> ACTIVITY:
Please copy all of the records exactly, leaving nothing out.

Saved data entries
== Segment start ==

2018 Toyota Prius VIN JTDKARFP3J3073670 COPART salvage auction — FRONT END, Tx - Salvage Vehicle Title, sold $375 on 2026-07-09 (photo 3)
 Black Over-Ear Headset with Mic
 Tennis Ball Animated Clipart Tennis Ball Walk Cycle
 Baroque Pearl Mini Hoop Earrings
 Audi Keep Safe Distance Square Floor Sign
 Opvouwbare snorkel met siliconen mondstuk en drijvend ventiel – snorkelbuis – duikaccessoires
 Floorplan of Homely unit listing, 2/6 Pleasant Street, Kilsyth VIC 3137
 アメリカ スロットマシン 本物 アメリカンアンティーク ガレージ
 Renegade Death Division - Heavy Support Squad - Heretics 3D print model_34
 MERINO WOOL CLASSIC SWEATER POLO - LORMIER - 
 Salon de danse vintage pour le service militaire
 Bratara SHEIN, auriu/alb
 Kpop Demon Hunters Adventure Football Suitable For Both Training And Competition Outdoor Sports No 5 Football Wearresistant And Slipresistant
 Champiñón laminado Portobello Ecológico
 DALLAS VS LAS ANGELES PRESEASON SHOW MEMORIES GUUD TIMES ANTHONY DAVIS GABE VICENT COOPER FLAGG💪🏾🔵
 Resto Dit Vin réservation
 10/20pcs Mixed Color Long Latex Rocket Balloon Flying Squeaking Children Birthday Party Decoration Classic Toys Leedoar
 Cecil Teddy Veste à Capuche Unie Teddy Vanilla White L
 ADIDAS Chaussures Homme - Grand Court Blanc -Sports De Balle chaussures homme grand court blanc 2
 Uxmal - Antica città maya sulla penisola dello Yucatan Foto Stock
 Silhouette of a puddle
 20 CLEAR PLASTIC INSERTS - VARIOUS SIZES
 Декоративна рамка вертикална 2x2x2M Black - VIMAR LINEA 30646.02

== Segment end ==

> ANSWER TO THE PROBLEM:
2018 Toyota Prius VIN JTDKARFP3J3073670 COPART salvage auction — FRONT END, Tx - Salvage Vehicle Title, sold $375 on 2026-07-09 (photo 3)
 Black Over-Ear Headset with Mic
 Tennis Ball Animated Clipart Tennis Ball Walk Cycle
 Baroque Pearl Mini Hoop Earrings
 Audi Keep Safe Distance Square Floor Sign
 Opvouwbare snorkel met siliconen mondstuk en drijvend ventiel – snorkelbuis – duikaccessoires
 Floorplan of Homely unit listing, 2/6 Pleasant Street, Kilsyth VIC 3137
 アメリカ スロットマシン 本物 アメリカンアンティーク ガレージ
 Renegade Death Division - Heavy Support Squad - Heretics 3D print model_34
 MERINO WOOL CLASSIC SWEATER POLO - LORMIER - 
 Salon de danse vintage pour le service militaire
 Bratara SHEIN, auriu/alb
 Kpop Demon Hunters Adventure Football Suitable For Both Training And Competition Outdoor Sports No 5 Football Wearresistant And Slipresistant
 Champiñón laminado Portobello Ecológico
 DALLAS VS LAS ANGELES PRESEASON SHOW MEMORIES GUUD TIMES ANTHONY DAVIS GABE VICENT COOPER FLAGG💪🏾🔵
 Resto Dit Vin réservation
 10/20pcs Mixed Color Long Latex Rocket Balloon Flying Squeaking Children Birthday Party Decoration Classic Toys Leedoar
 Cecil Teddy Veste à Capuche Unie Teddy Vanilla White L
 ADIDAS Chaussures Homme - Grand Court Blanc -Sports De Balle chaussures homme grand court blanc 2
 Uxmal - Antica città maya sulla penisola dello Yucatan Foto Stock
 Silhouette of a puddle
 20 CLEAR PLASTIC INSERTS - VARIOUS SIZES
 Декоративна рамка вертикална 2x2x2M Black - VIMAR LINEA 30646.02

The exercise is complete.